Musk left the company’s board of directors in 2018 to avoid potential conflicts of interest with his other companies. Notably, the Autopilot feature in Tesla’s self-driving cars rely on artificial intelligence developed through a program called Tesla Autopilot.

Neuralink

Next in the lineup of Elon Musk companies is Neuralink, co-founded by Musk in 2016 as a neurotechnology startup. It’s one of Musk’s more “out there” concepts, involving the merger of the human brain with computers and the mapping of the brain’s activity centers.

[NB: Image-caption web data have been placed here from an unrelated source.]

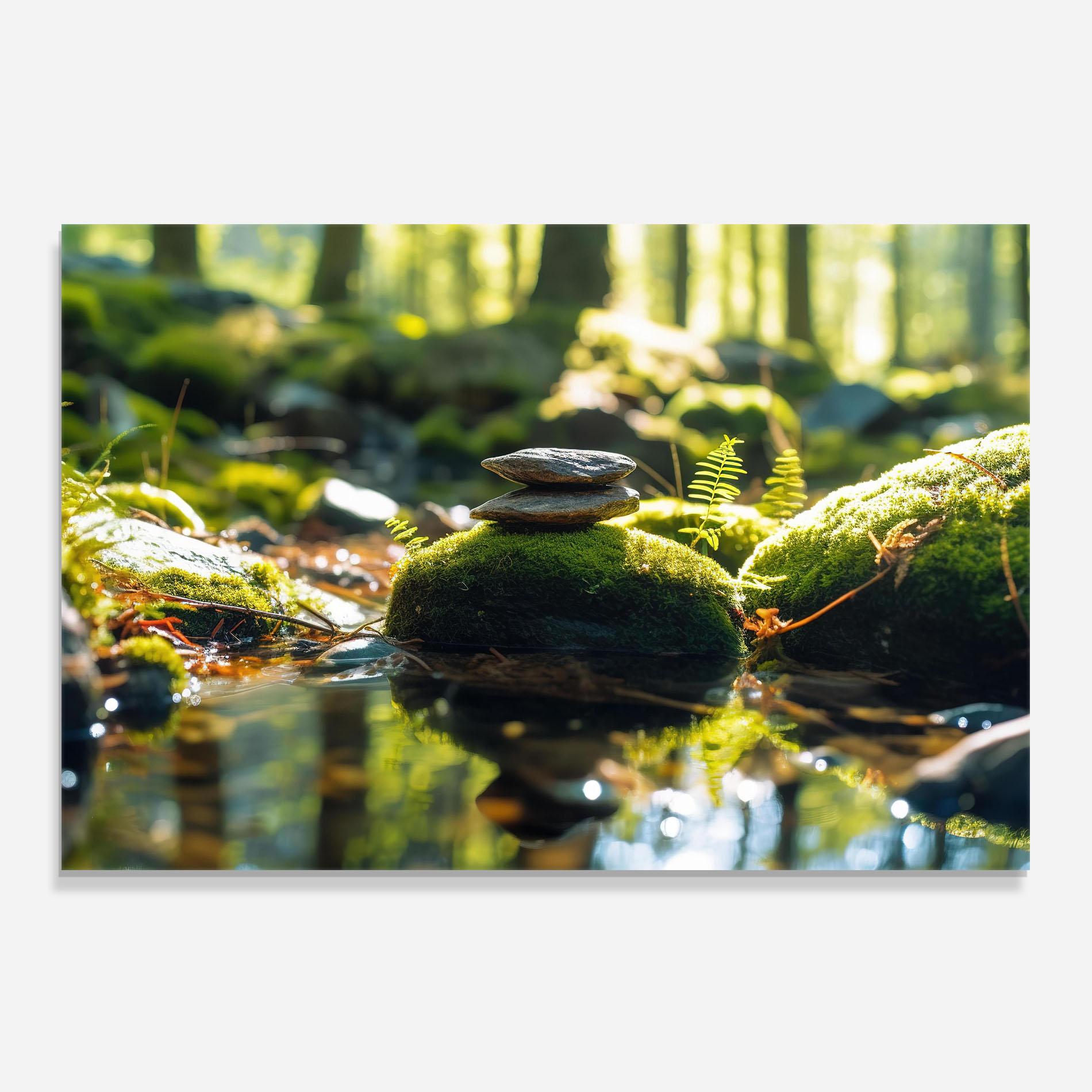 Konyhai üveg hátfal Sunlight Green Forest mockup 0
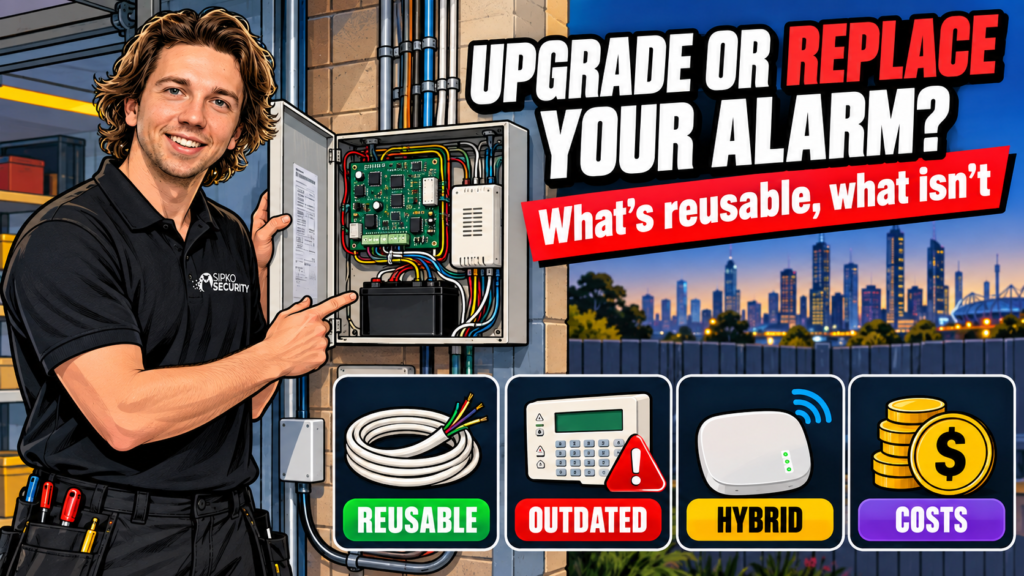 Sipko Security installer holding an open alarm panel, upgrade vs replace illustration - SIPKO Security Sipko Security installer holding an open alarm panel, upgrade vs replace illustration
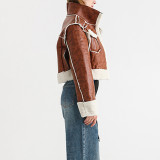 Winter Color Matching Lambswool Fur Trend Coat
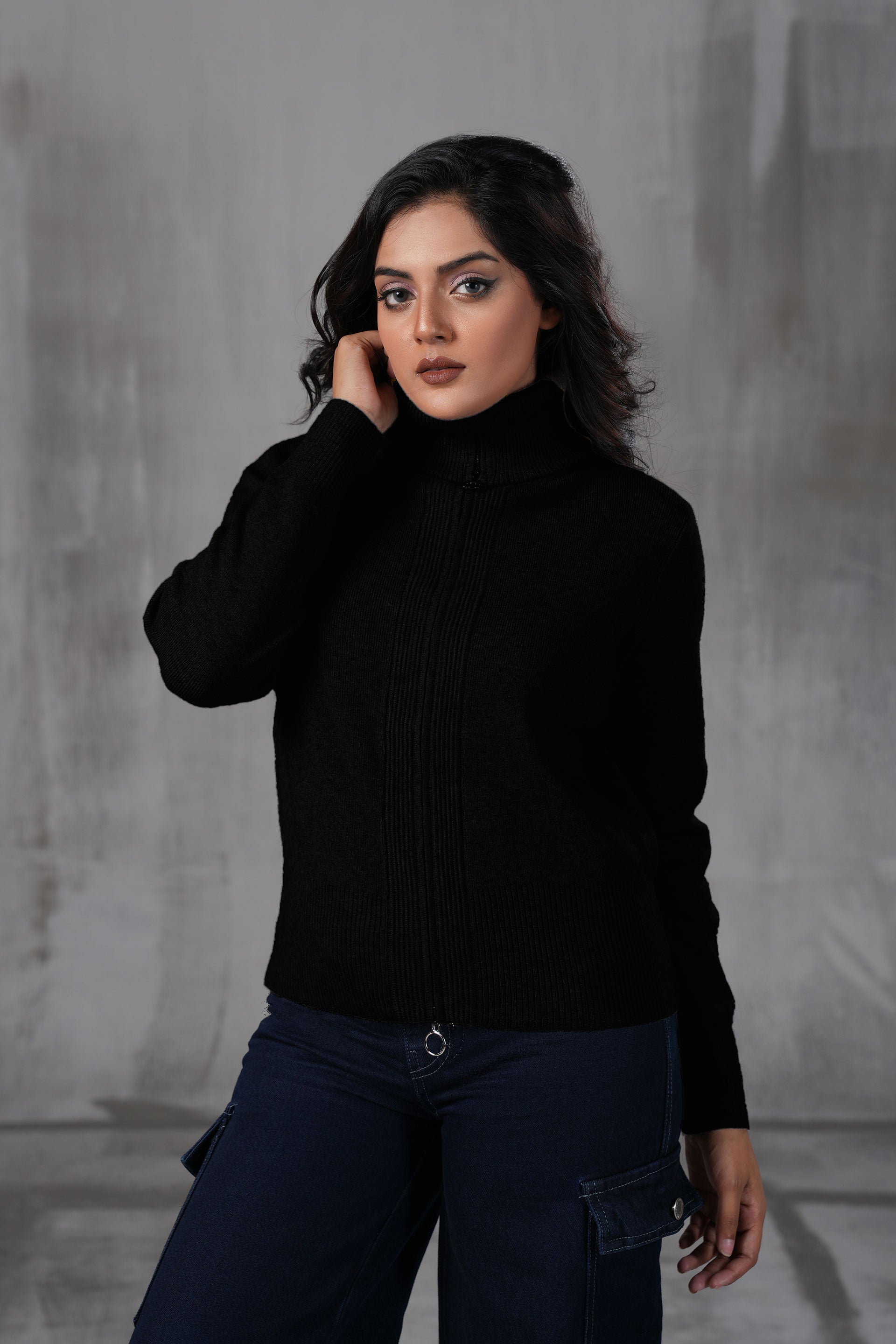 Double Zipper Turtle Neck Knitwear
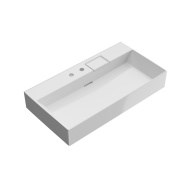 LO.wb.90.2 Раковина LOGICA мебельная/подвесная с двумя отверстиями 90, белая глянцевая - фото 129840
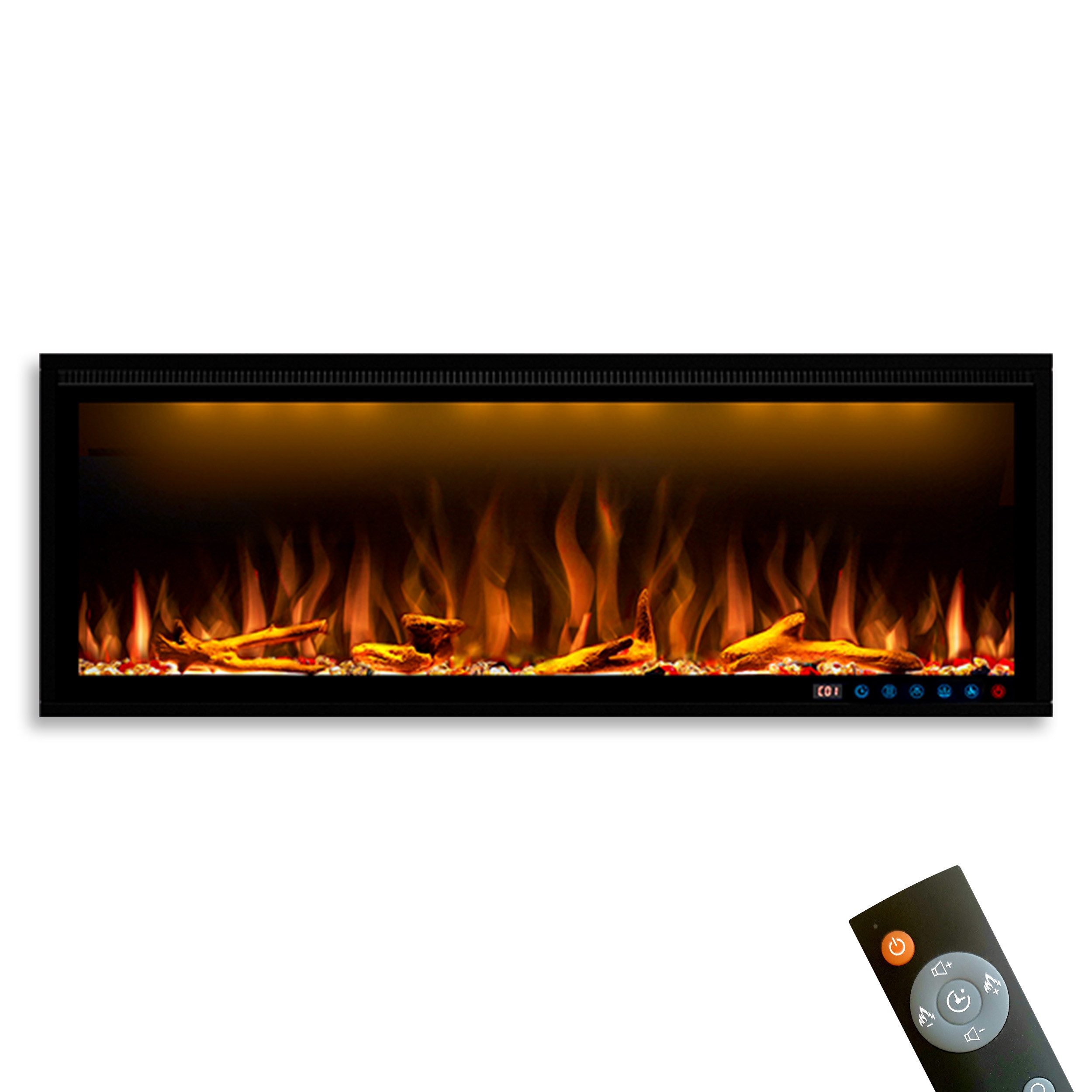 GLOW FIRE Elektrokamin Glow Fire Smart Wall Elektrokamin Einbau LED, Elektrischer Kamin mit Fernbedienung, Timer, 3D Flammenspiel, LED Feuer
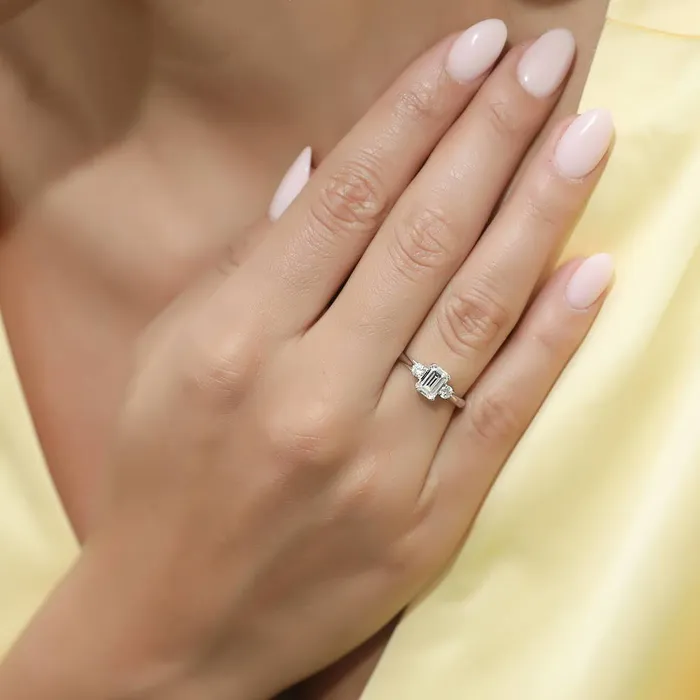 BERRICLE Rings 3Stone 1ct Emerald Cut CZ Ring Set in Sterling Silver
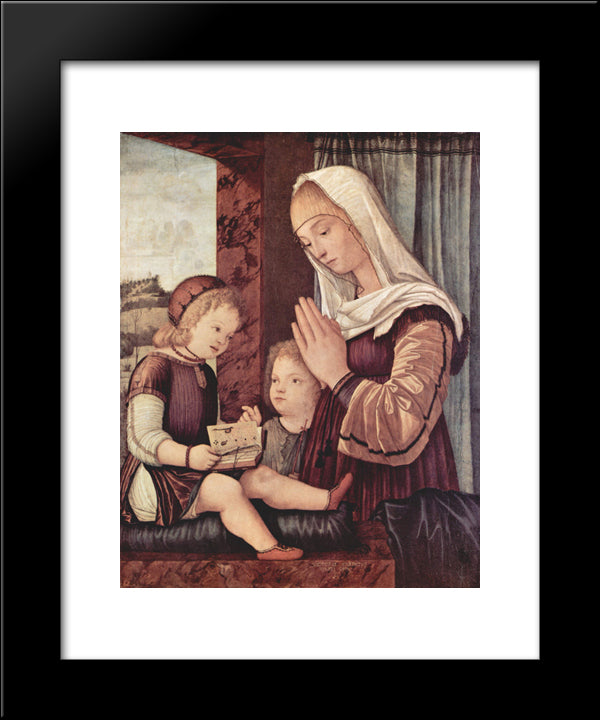 Virgin Mary And John The Baptist, Praying To The Child Christ 20x24 Black Modern Wood Framed Art Print Poster by Carpaccio, Vittore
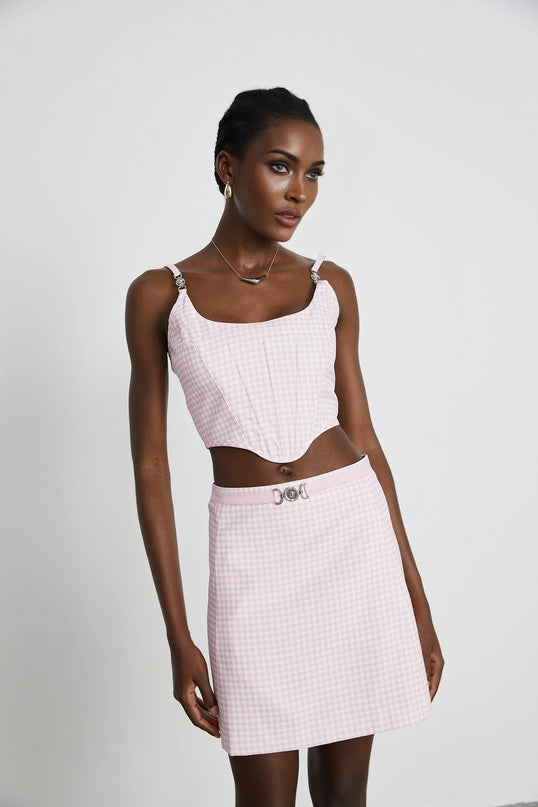 Sandrine ginghamcheck top  skirt matching set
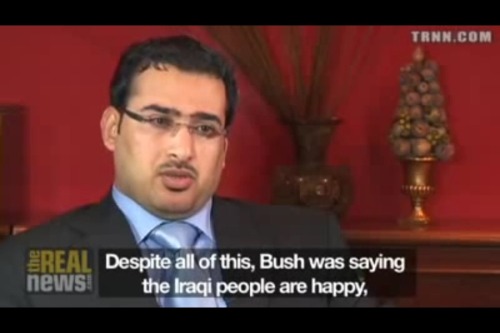 cosmic-noir:  ihatewhiteguys:  emiratizayn:   and the Iraqi people welcomed the Americans with flowers. I wanted to set a historical event to teach Bush a lesson from the Iraqis, telling him you lied, we did not welcome you with flowers, and instead we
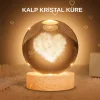 Kalpli Işıklı Cam Küre Ahşap Standlı Dekoratif Gece Lambası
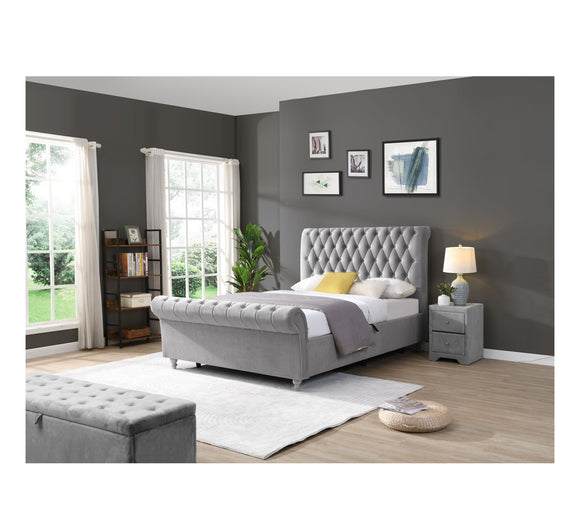 Carla Ottoman King Size Bed in Silver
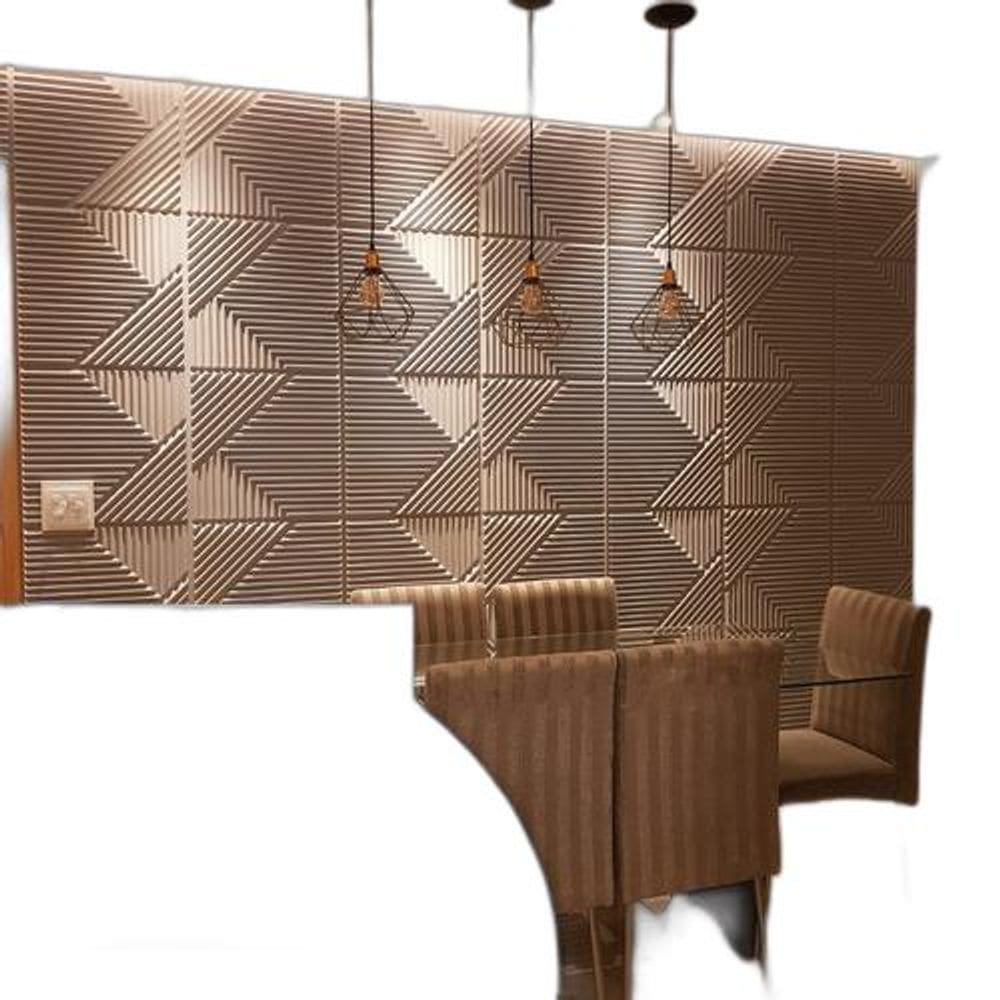 9 Placas Revestimento 3D Decorativo 50X50 Parede Kit Ripado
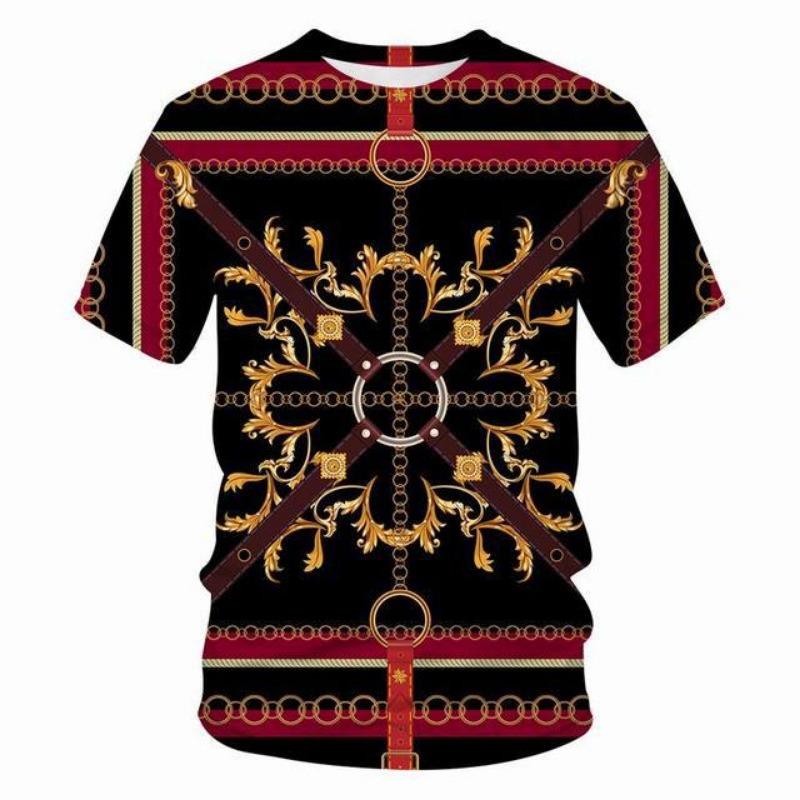 Módní tričko s krátkým rukávem s retro vzorem a 3D digitálním potiskem pro muže ženy tričko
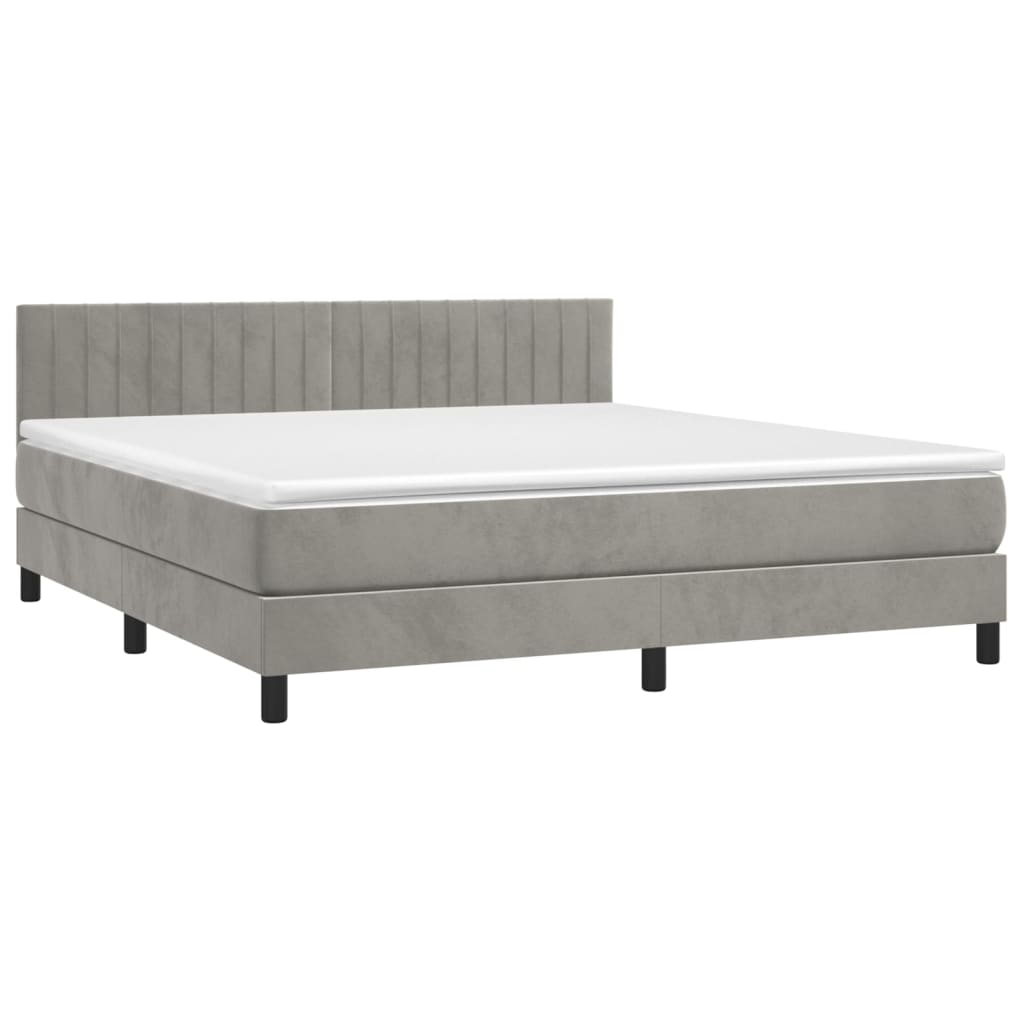 Cama box spring c/ colchão/LED 160x200 cm veludo cinzento-claro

Neuralink, too, got its start as a hopeful antidote to the inherent dangers of “black box” AI. Merging humans with computers — to improve the senses, cognition and memory retention — could be a way to realize the benefits of computer intelligence without giving that intelligence a “will” of its own.

The Boring Company

Not every Elon Musk company was born of a long-gestating vision. The idea for The Boring Company (TBC) came to Musk one day while he was stuck in traffic in 2017. While at a standstill, Musk tweeted, “[I] am going to build a tunnel boring machine and just start digging.” Thus, The Boring Company was born out of one man’s frustration with Los Angeles traffic.

Digging commenced the following month on a 50-foot-long, 30-foot wide “test trench” on the SpaceX campus. With the concept proven, by the end of 2018 TBC had successfully lobbied Baltimore, Chicago and Los Angeles for project approval for several operational tunnels.

TBC’s most recent boring machine, called Prufrock, reportedly went live on February 23 at an undisclosed location, boasting an order-of-magnitude increase in digging speed compared to previous TBC inventions. Soon, driverless and conventional cars will effortlessly navigate these tunnels and save drivers hundreds or thousands of hours apiece that would have been spent idling in traffic.

What the Future Holds for Elon Musk’s Companies

Elon Musk is not a perfect person, and in many ways his business empire is typical of the status quo. In September 2019, a California judge ruled that Musk and other Tesla executives had broken the law by sabotaging employee efforts to form a union.

Labor relations aside, it’s clear that Musk and his companies have their fingers on the pulse of technology, including and especially next-generation transportation technology. Each of these companies has left a lasting mark already, and it should prove exciting to see where the most recent project will take Musk and the rest of the world.